I have four female box turtles, and one male, split between two enclosures. One particular female is definitely a favorite of the male - I have seen him mounted on her several times.

Well I was just walking past their enclosure, and noticed something bright white. As I got closer I knew what it was - an egg. But UNLIKE the typical box turtle, this egg was not in a freshly dug hole, it was not in a pit, it wasn't even hidden under something. She was in a "sun spot" where the sun hits the enclosure through the sliding glass door of the house, but several UVB lights are set up to actually give them the rays they need.

What's worse is that I have had her for a little over a year, and she has NOW laid a total of four eggs. The previous three were buried, but NONE of them were laid together. The previous three were each about 2-3 weeks apart, in different locations.

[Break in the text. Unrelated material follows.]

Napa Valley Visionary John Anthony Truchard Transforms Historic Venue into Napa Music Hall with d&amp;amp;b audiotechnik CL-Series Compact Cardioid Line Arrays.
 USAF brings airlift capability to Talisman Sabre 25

I've done plenty of research, and I have had other successfully bred box turtles. And all research says they lay their eggs in a "clutch" of about 2-3 eggs, buried in a small pit. So why is this one laying one egg at a time, and not even bothering to bury this last one?

Is this a sign of "inadequate" nesting spots? The enclosure is pretty large - about 10 feet by 4 feet. and I only keep They not only have a little pond, but they have an actual water fall fountain in there. I also put lots and lots of sphagnum moss all across the enclosure, about 4" deep. So digging is one of the easiest parts! And because it's sphagnum moss, it stays humid pretty easily. There are twisted up branches and root systems from dead brush in the woods behind the house, a few pieces of slate rock making caves, and of course, and grass growing quite well.

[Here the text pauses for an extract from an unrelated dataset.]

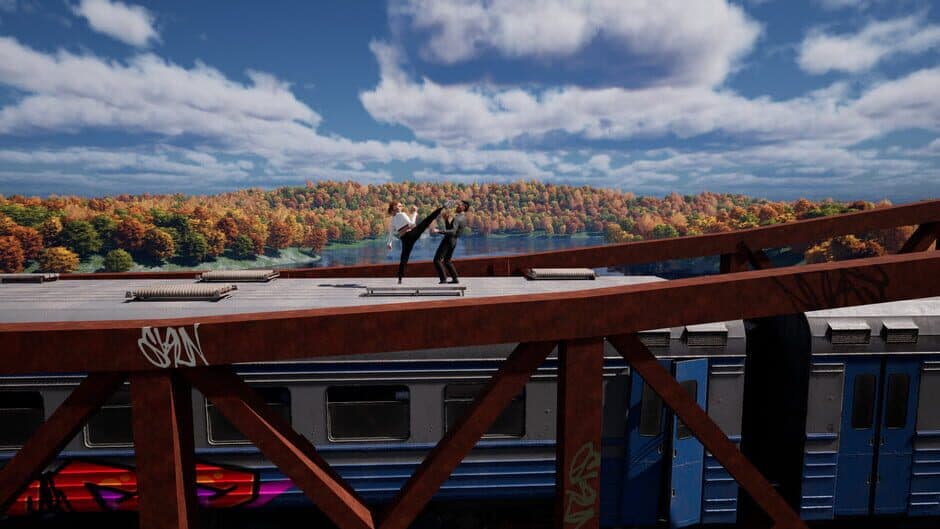Thin Way screenshot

I feed them darn near everything from the produce section that they'll eat (minus oranges, iceberg lettuce, and onions), along with earth worms, super meal worms, slugs that my nieces and nephews find, crickets (one of their favorites), and even some hard-boiled eggs now and then. People think it's funny because I go grocery shopping and spend more money getting all of the food for my turtles than I do on myself, so I know they're well taken care of!

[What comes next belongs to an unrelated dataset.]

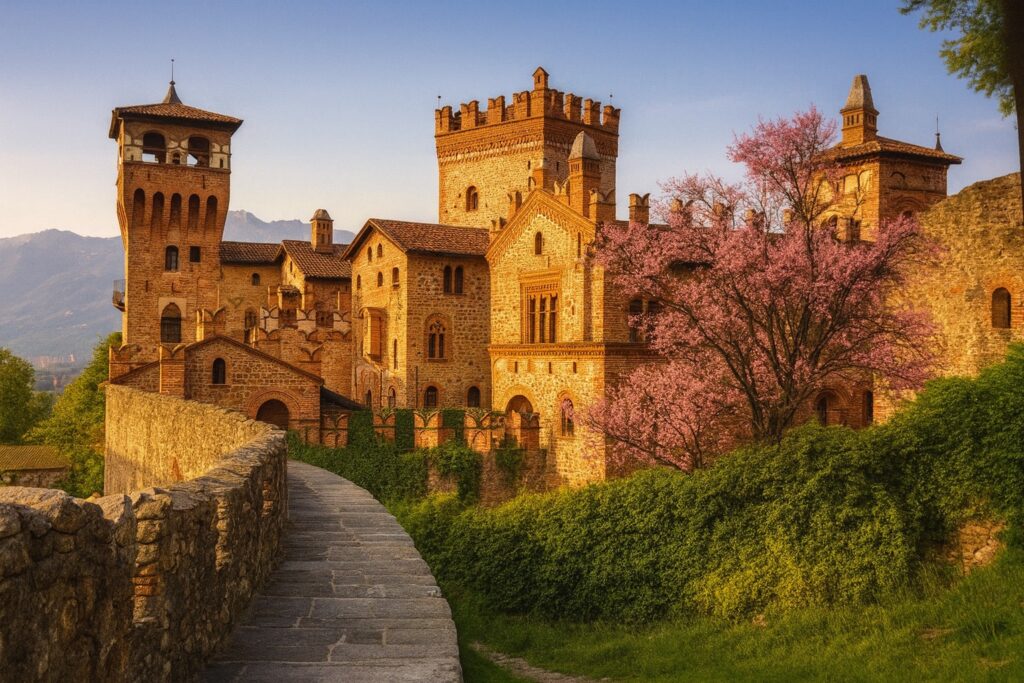 Castles around the world  Castello di pavona Italy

So why is she not creating a nest and laying eggs all at once in there? What am I missing?


----------



## lkwagner (Nov 17, 2013)

Have her previous eggs been fertile? Sounds to me like they're not and that is the problem but I'm no expert


----------



## LTygress (Nov 17, 2013)

Yes, they were. One of them died because it dried out, but the other two were fertile and hatched. I just don't know why she isn't laying them together and didn't bury this one.

Also, with how many times the male has been on her, there's almost no way they can be INfertile (and she lets him mate each time too). It's his favorite female, I swear.


----------



## Yvonne G (Nov 17, 2013)

Hi LT:

Welcome to the Forum!

I don't know that answer to your question, however, sometimes if eggs aren't fertile they get deposited on top of the ground.


----------



## tortoise5643 (Nov 17, 2013)

Yvonne G said:


> Hi LT:
> 
> Welcome to the Forum!
> 
> I don't know that answer to your question, however, sometimes if eggs aren't fertile they get deposited on top of the ground.



But not all times so don't discard. In fact, I hatched my first ever tortoise/turtle exactly one week ago and it was laid right snack dab in the middle of the cage next to another egg.


----------



## LTygress (Nov 18, 2013)

It definitely wasn't thrown away. I've got it in a little plastic container filled with damp sphagnum moss, and sitting on top of my chicken egg incubator. It stays a good 80 degrees on top of it while there are chicken eggs inside. Once they hatch, I'll move the chicks to a brooder, lower the temp, and put the turtle egg in there. But this will be the first time I've put only a single egg in the incubator.


----------